-------- Task data --------

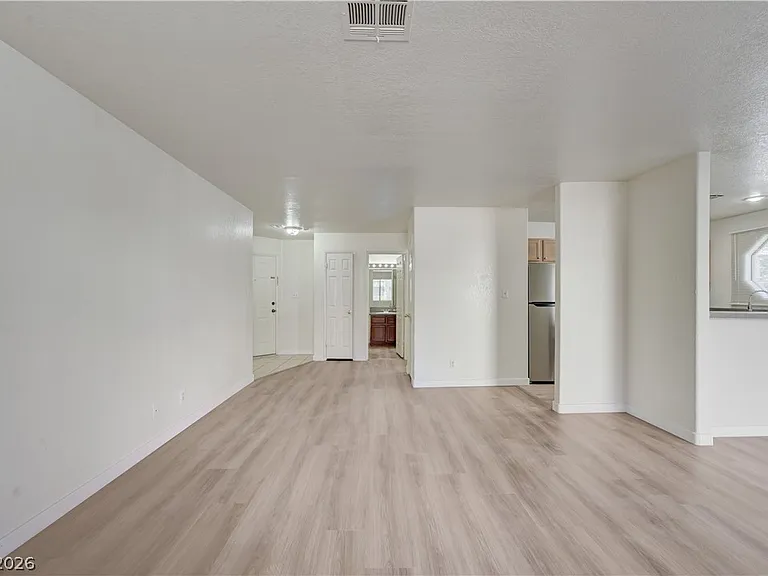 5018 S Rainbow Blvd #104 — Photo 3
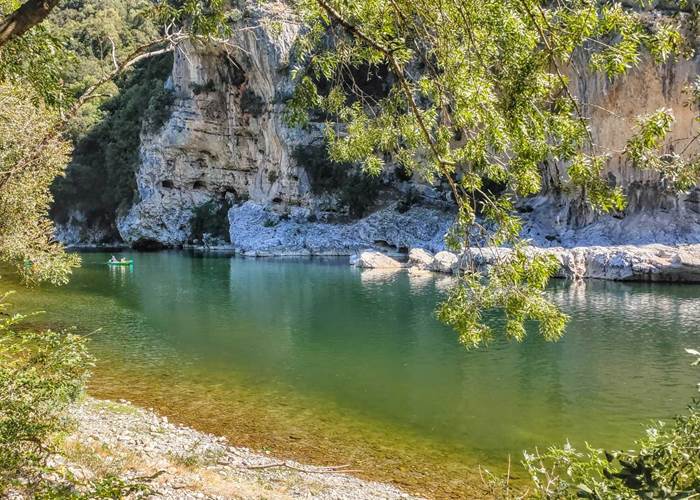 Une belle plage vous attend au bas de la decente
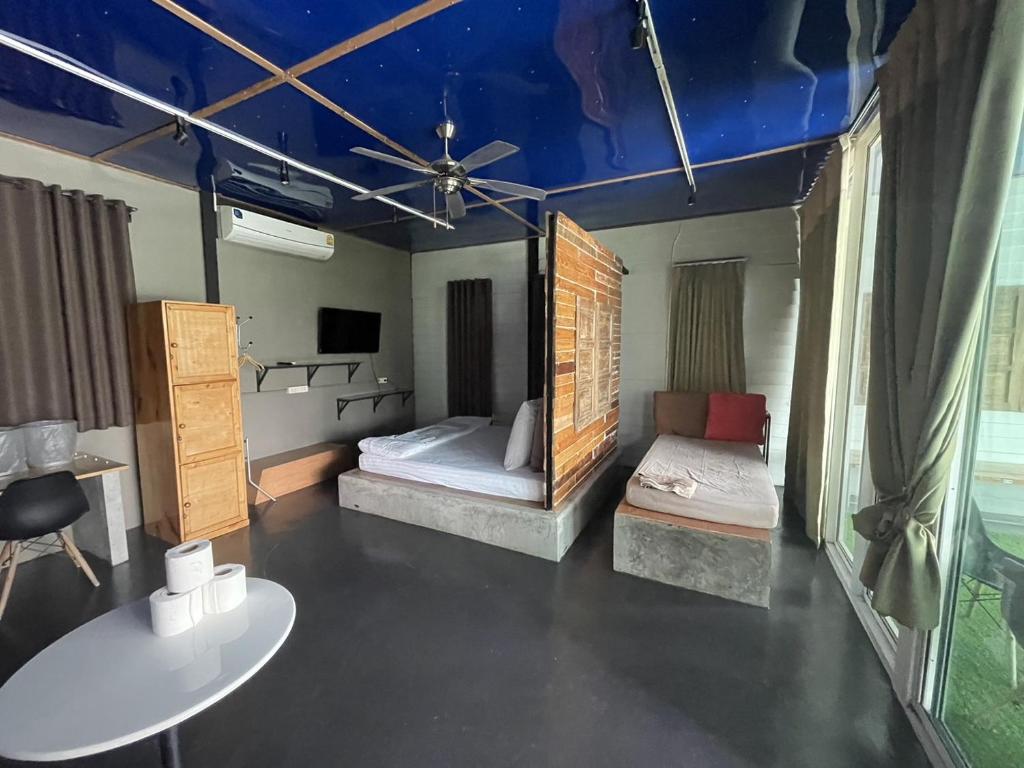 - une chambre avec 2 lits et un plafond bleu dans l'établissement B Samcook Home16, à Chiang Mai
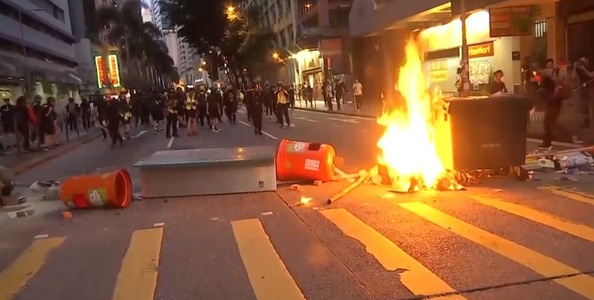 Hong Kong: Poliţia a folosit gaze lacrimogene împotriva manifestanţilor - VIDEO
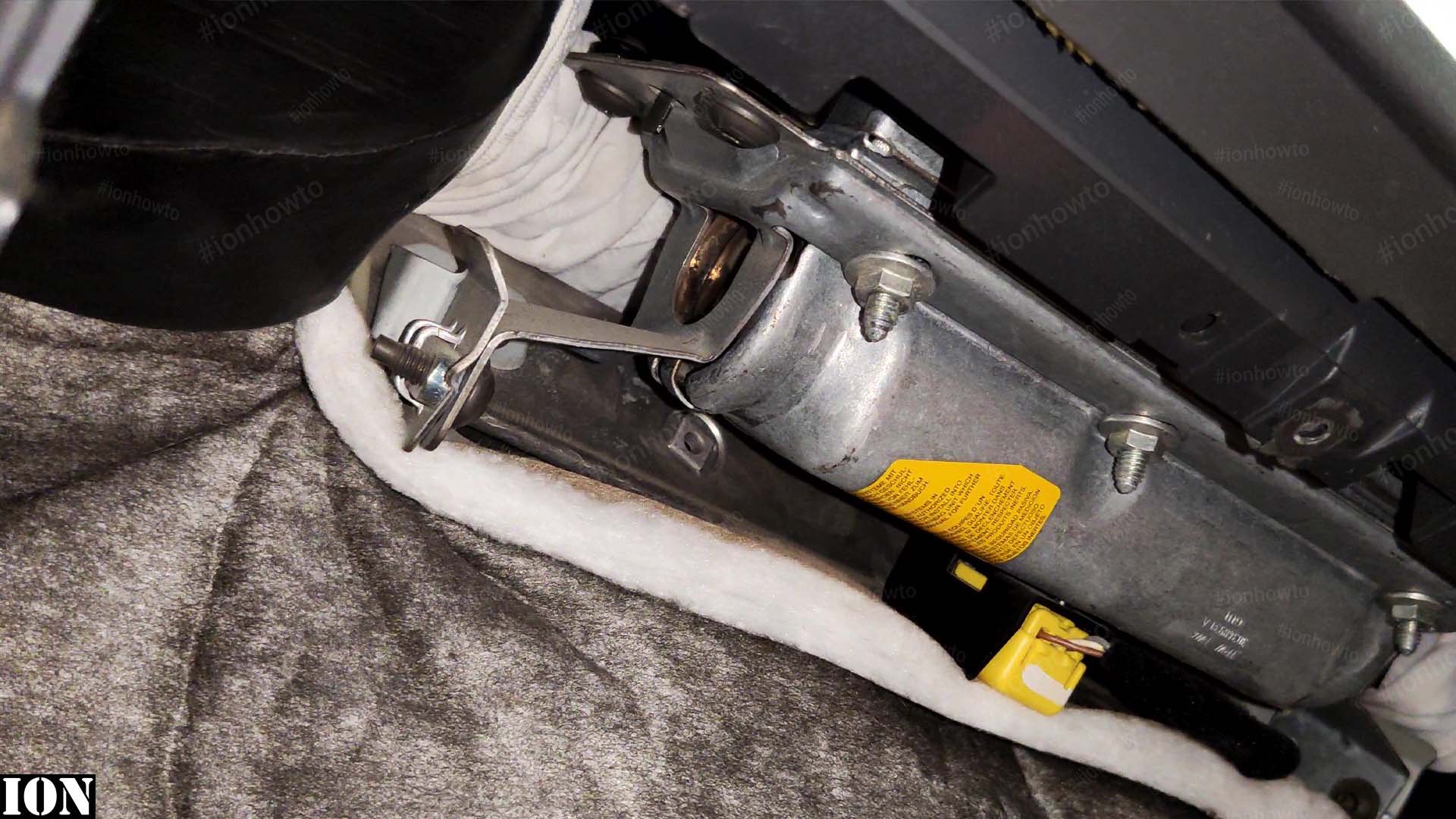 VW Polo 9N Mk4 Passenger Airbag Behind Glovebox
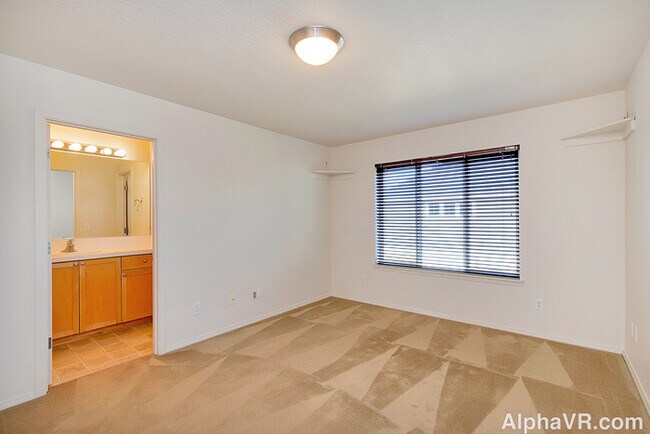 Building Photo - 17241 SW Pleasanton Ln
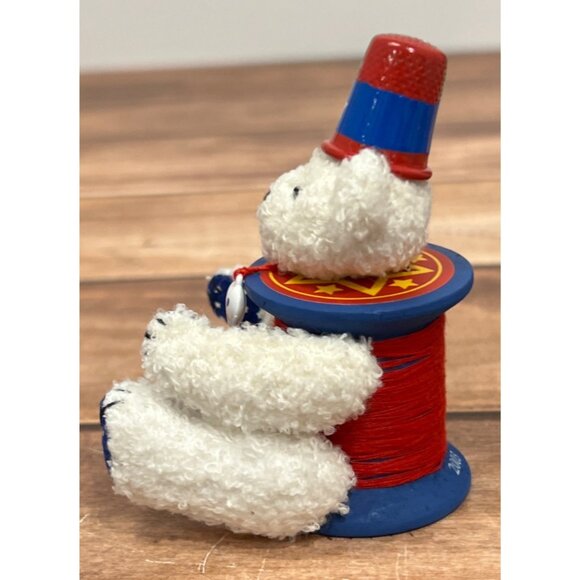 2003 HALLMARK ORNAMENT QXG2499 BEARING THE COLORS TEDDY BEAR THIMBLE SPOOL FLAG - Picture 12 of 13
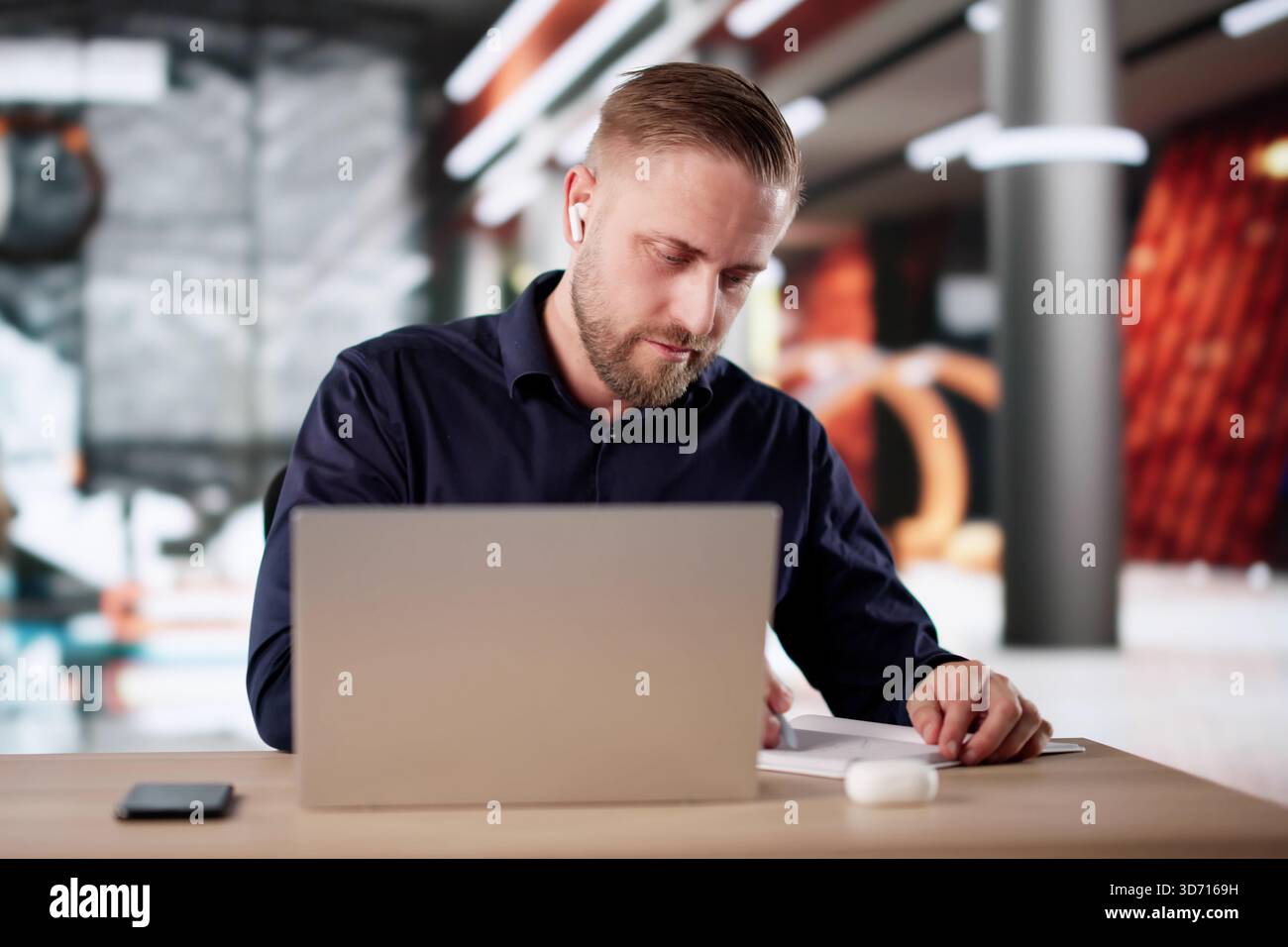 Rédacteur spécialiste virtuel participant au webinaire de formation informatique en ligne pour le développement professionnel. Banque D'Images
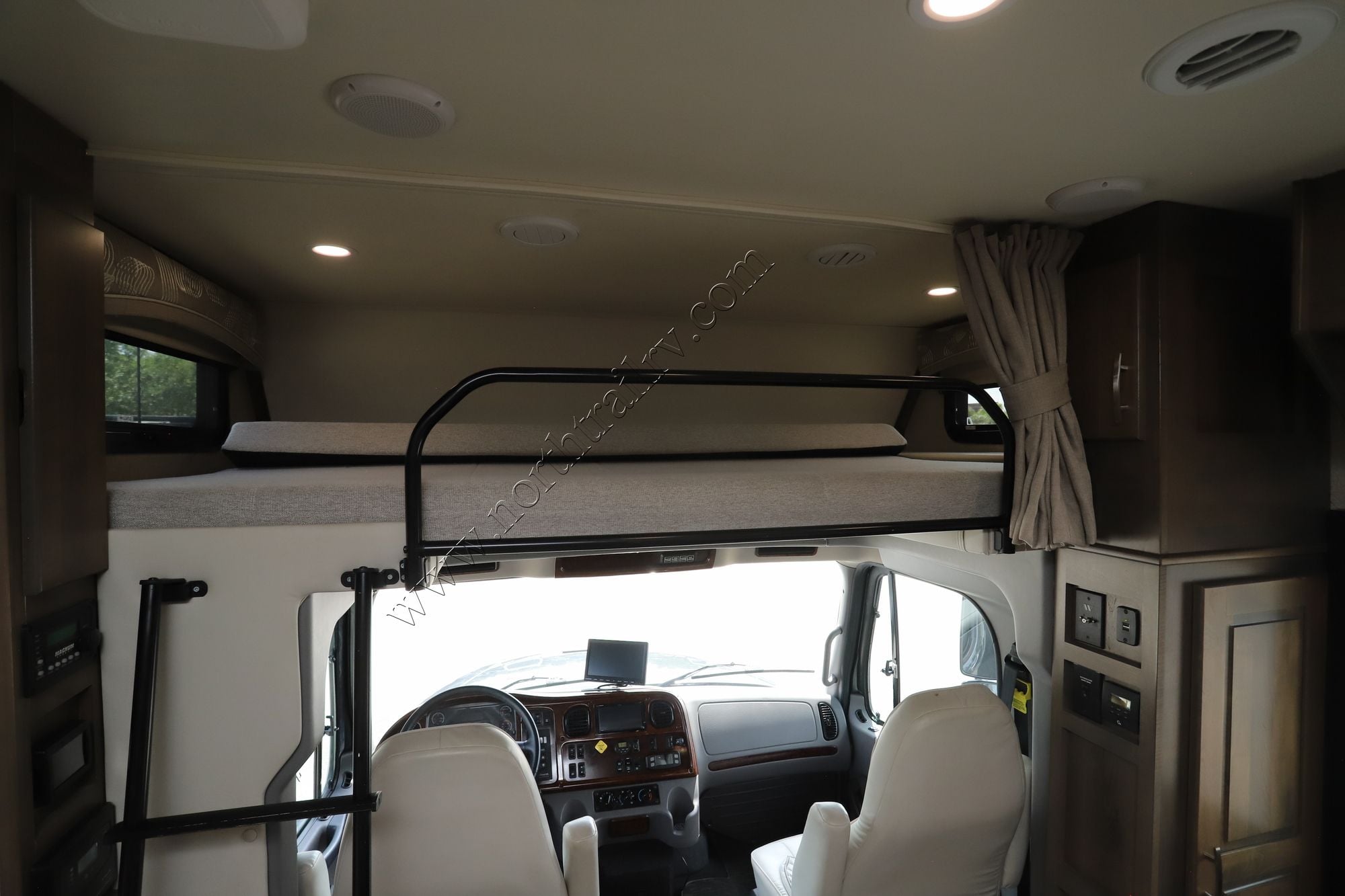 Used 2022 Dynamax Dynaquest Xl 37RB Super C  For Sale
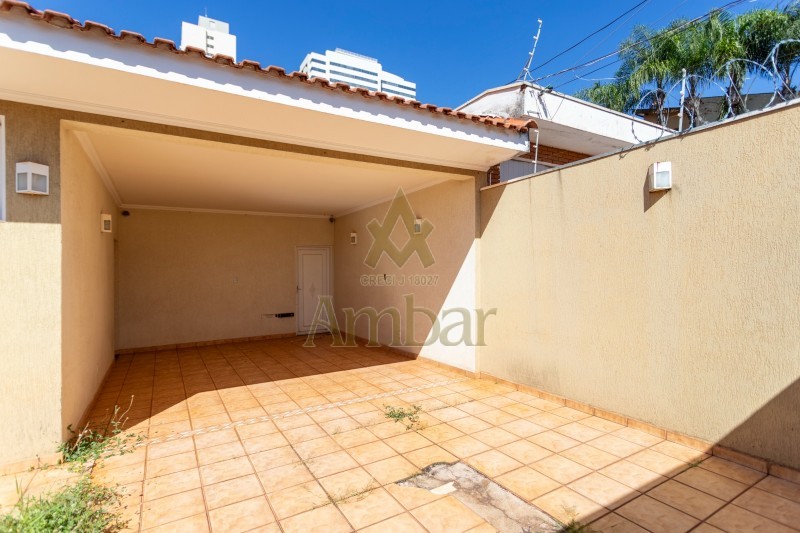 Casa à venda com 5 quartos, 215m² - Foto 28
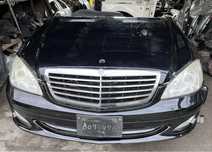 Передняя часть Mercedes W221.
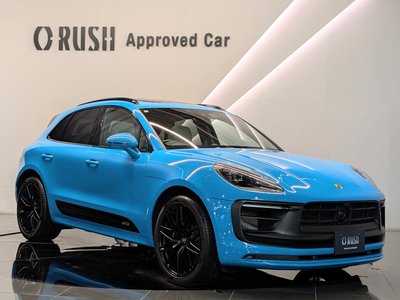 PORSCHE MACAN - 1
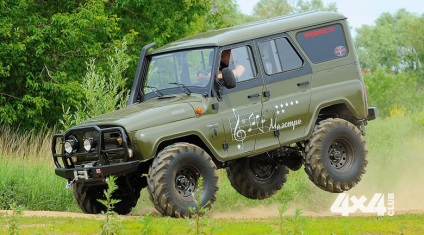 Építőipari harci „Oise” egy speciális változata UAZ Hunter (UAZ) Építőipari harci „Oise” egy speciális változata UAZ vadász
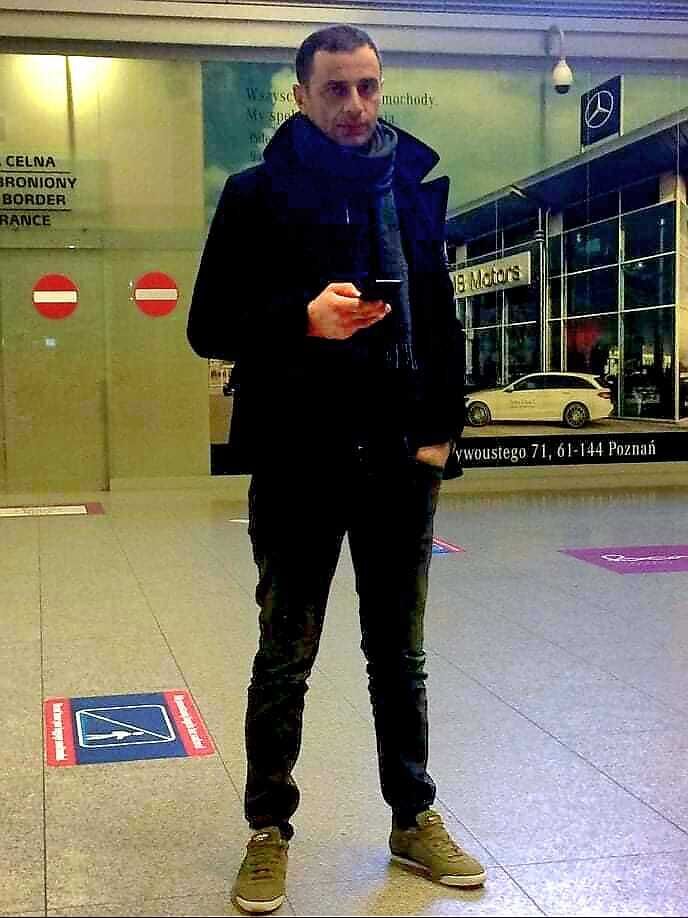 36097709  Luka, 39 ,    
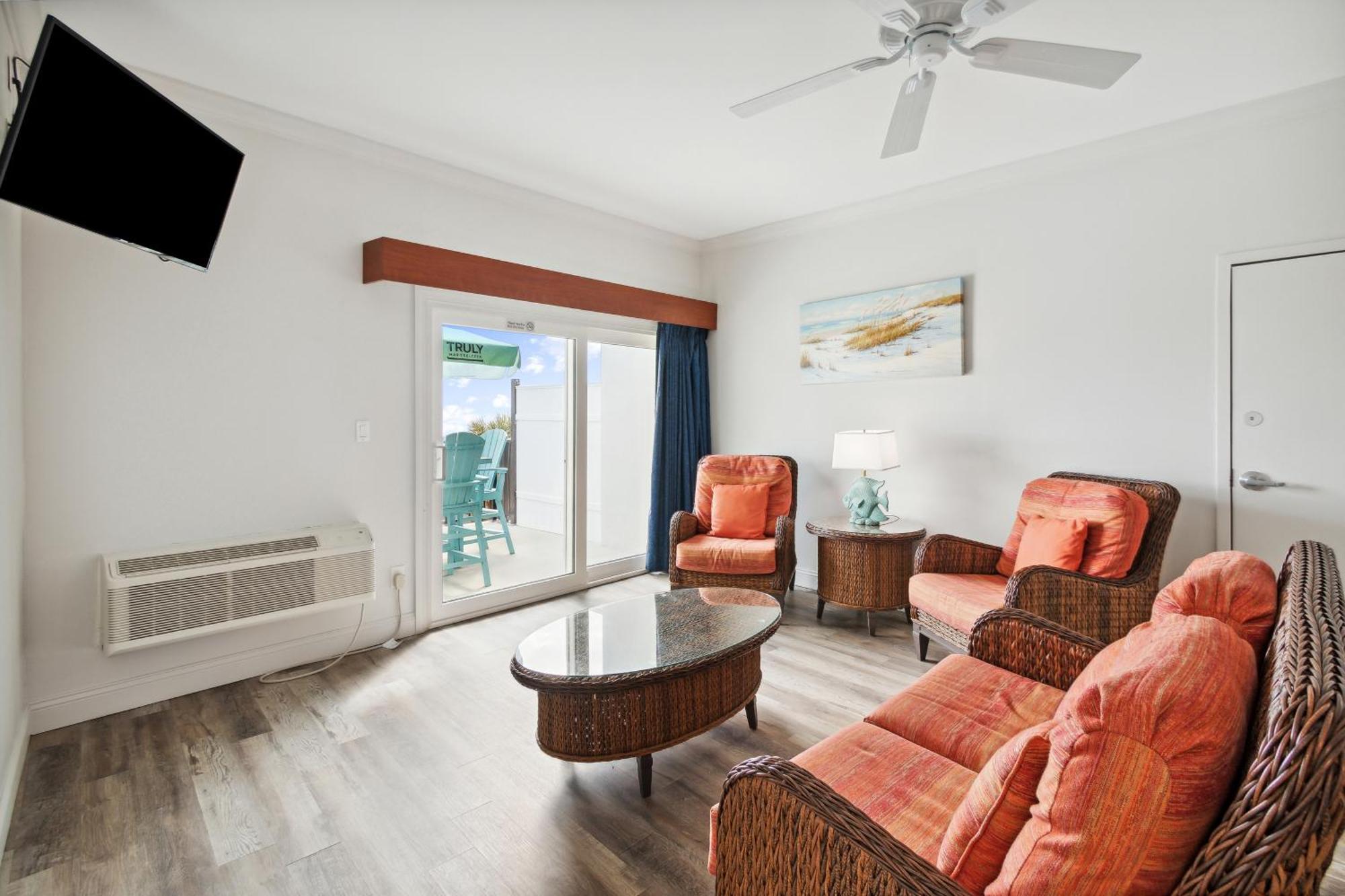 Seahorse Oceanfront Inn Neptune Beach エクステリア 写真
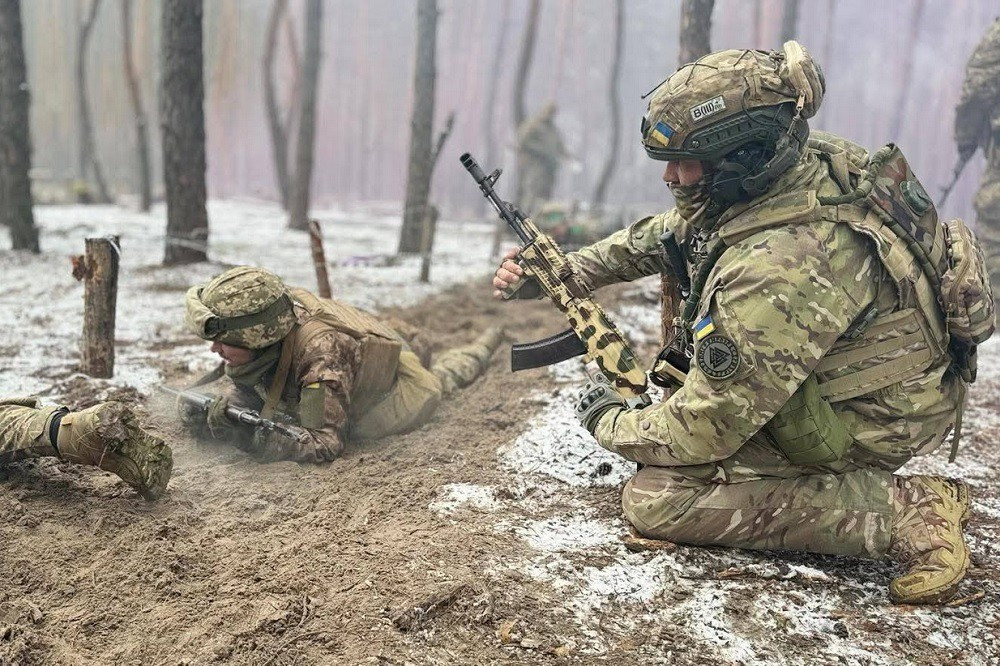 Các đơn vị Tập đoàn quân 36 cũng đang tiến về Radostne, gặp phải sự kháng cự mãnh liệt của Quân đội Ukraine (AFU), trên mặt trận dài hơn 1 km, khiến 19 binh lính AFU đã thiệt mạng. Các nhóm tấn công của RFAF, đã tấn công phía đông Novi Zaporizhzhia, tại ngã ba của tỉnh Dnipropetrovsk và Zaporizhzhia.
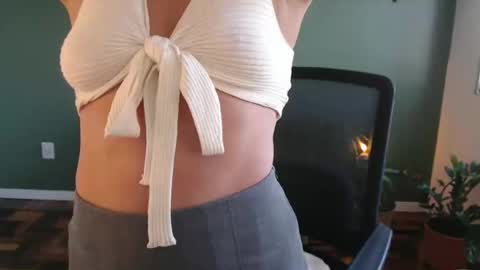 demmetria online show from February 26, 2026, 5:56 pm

--------

• **What to do**:
Write down all the entries exactly, but not the pictures they hold.

• **Result**:
 5018 S Rainbow Blvd #104 — Photo 3
 Une belle plage vous attend au bas de la decente
 - une chambre avec 2 lits et un plafond bleu dans l'établissement B Samcook Home16, à Chiang Mai
 Hong Kong: Poliţia a folosit gaze lacrimogene împotriva manifestanţilor - VIDEO
 VW Polo 9N Mk4 Passenger Airbag Behind Glovebox
 Building Photo - 17241 SW Pleasanton Ln
 2003 HALLMARK ORNAMENT QXG2499 BEARING THE COLORS TEDDY BEAR THIMBLE SPOOL FLAG - Picture 12 of 13
 Rédacteur spécialiste virtuel participant au webinaire de formation informatique en ligne pour le développement professionnel. Banque D'Images
 Used 2022 Dynamax Dynaquest Xl 37RB Super C  For Sale
 Casa à venda com 5 quartos, 215m² - Foto 28
 Передняя часть Mercedes W221.
 PORSCHE MACAN - 1
 Építőipari harci „Oise” egy speciális változata UAZ Hunter (UAZ) Építőipari harci „Oise” egy speciális változata UAZ vadász
 36097709  Luka, 39 ,    
 Seahorse Oceanfront Inn Neptune Beach エクステリア 写真
 Các đơn vị Tập đoàn quân 36 cũng đang tiến về Radostne, gặp phải sự kháng cự mãnh liệt của Quân đội Ukraine (AFU), trên mặt trận dài hơn 1 km, khiến 19 binh lính AFU đã thiệt mạng. Các nhóm tấn công của RFAF, đã tấn công phía đông Novi Zaporizhzhia, tại ngã ba của tỉnh Dnipropetrovsk và Zaporizhzhia.
 demmetria online show from February 26, 2026, 5:56 pm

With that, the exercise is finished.